Interpreting Loss Values
- Average loss provides meaningful insights into model performance. For instance, an average prediction error quantifies how far off predictions are from actual values.
Characteristics of Loss Functions
- The derived function resembles a parabola—characterized as convex and differentiable—which allows for precise minimum calculations using methods like Newton's method or gradient descent.
Practical Implications of Gradient Descent
Maximum Likelihood Estimation and MAP
Introduction to Maximum Likelihood Estimation (MLE) and MAP
- The speaker introduces the concept of maximum likelihood estimation (MLE) as a method for parameter estimation, noting that it is often faster to implement using gradient descent.
- Transitioning from MLE, the speaker discusses maximum a-posteriori (MAP) estimation, which aims to find the most likely parameters W given observed data.
Understanding MAP Estimation
- MAP assumes W is a random variable and estimates its probability based on prior beliefs about its distribution.
- A common assumption for the prior distribution of W is Gaussian with zero mean, indicating uncertainty about its exact value.
Application of Prior Beliefs
- The speaker illustrates how prior knowledge can be applied in practical scenarios like spam filtering, where individual preferences may differ from general trends.
- By incorporating personal data into the model, one can adjust the Gaussian prior around an estimated value w_0 , reflecting individual differences.
Deriving MAP Using Bayes' Rule
- The audience is encouraged to work through the derivation of MAP with their neighbors while clarifying any confusion regarding concepts presented.
- The speaker explains using Bayes' rule to express the relationship between data and parameters: P(W | D) = P(D | W) P(W)/P(D).

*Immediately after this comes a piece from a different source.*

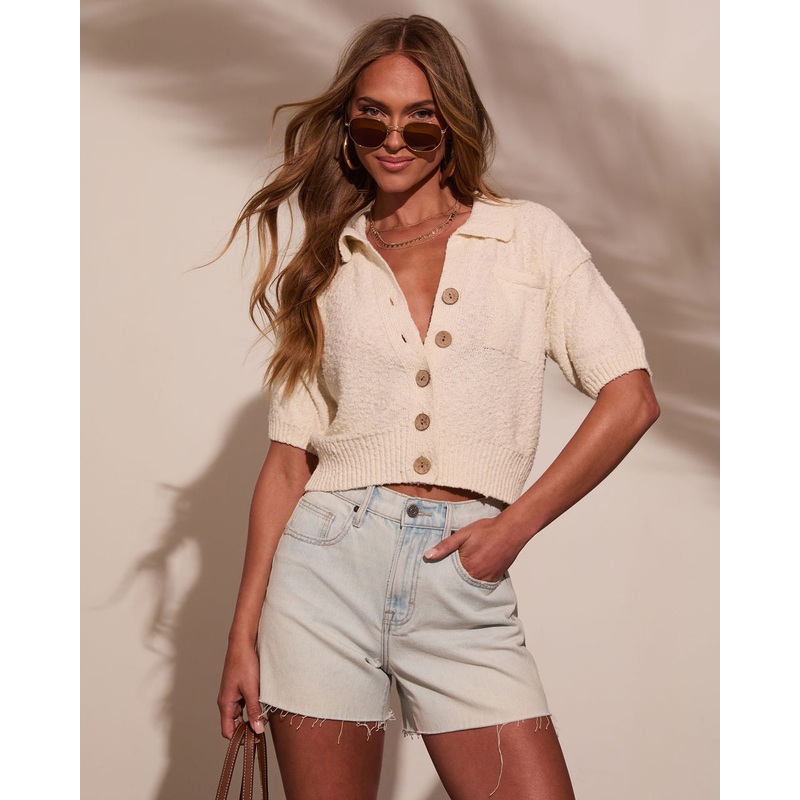 In My Dreams Curled Knit Top|Beige|XS|S|M|L|XL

Log-Likelihood Function and Independence Assumption
- The discussion emphasizes that each observation's likelihood can be treated independently due to their identically independent distribution (iid).

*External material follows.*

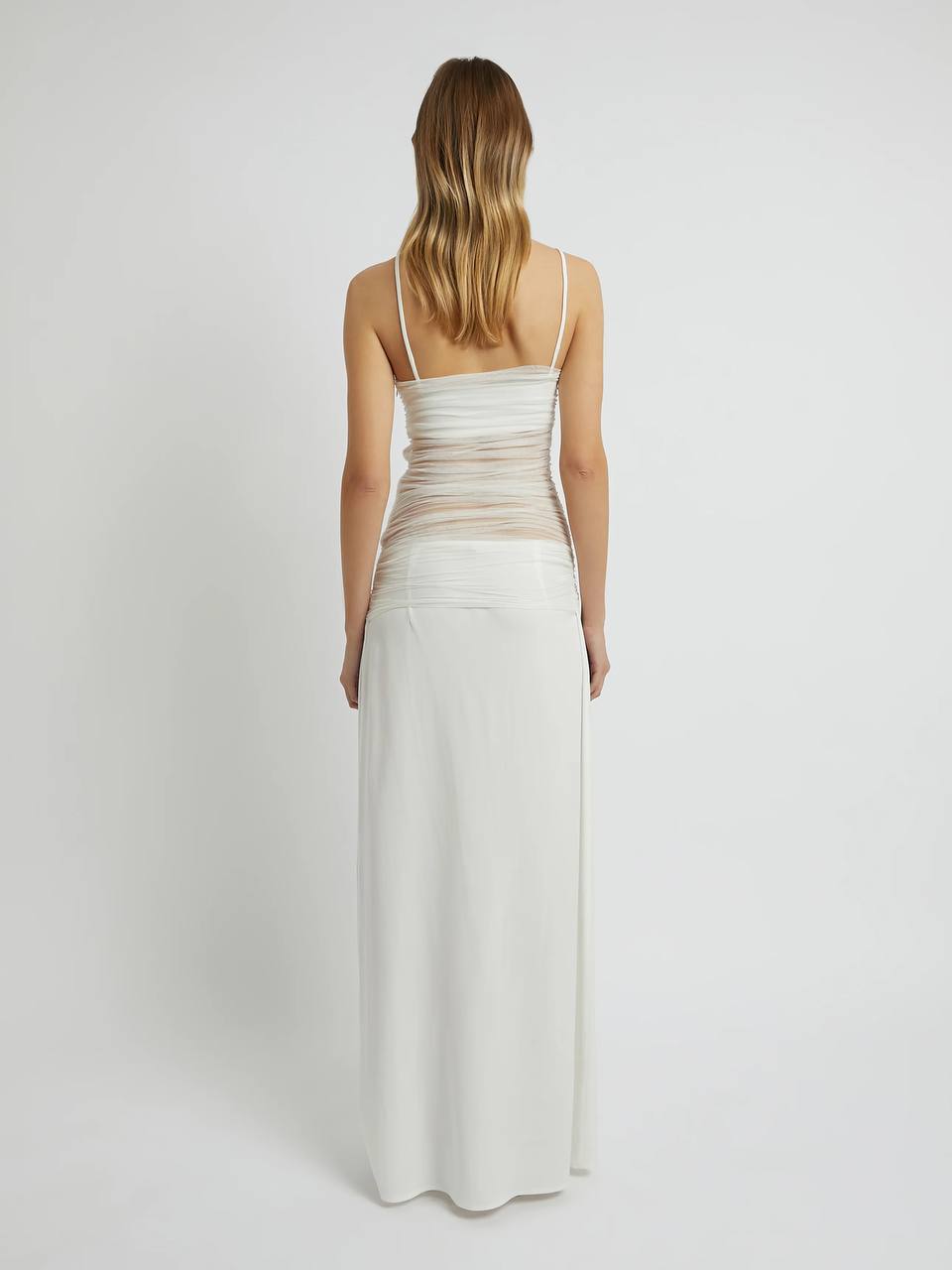 The Contrast Sheer Panel Dress in White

- This independence allows simplification into a product form over all observations, focusing on how each output depends solely on its corresponding input.
Final Steps in Derivation
- Taking logarithms simplifies calculations; this leads back to familiar expressions used in MLE.
- Ultimately, combining terms results in an expression involving both squared errors and regularization terms related to Gaussian priors.
Understanding Probability in Context
The Relationship Between Variables
- The discussion begins with the probability of a variable P(X | W) , where X represents certain variables and W is another variable that may influence them.
- It is noted that the variables X do not depend on W , indicating that they are treated as constants in this context.
- This leads to the conclusion that the probability of X , denoted as P(X) , remains unaffected by changes in W .
- Consequently, it is suggested that one can simplify the expression by removing W , reinforcing the independence of these variables.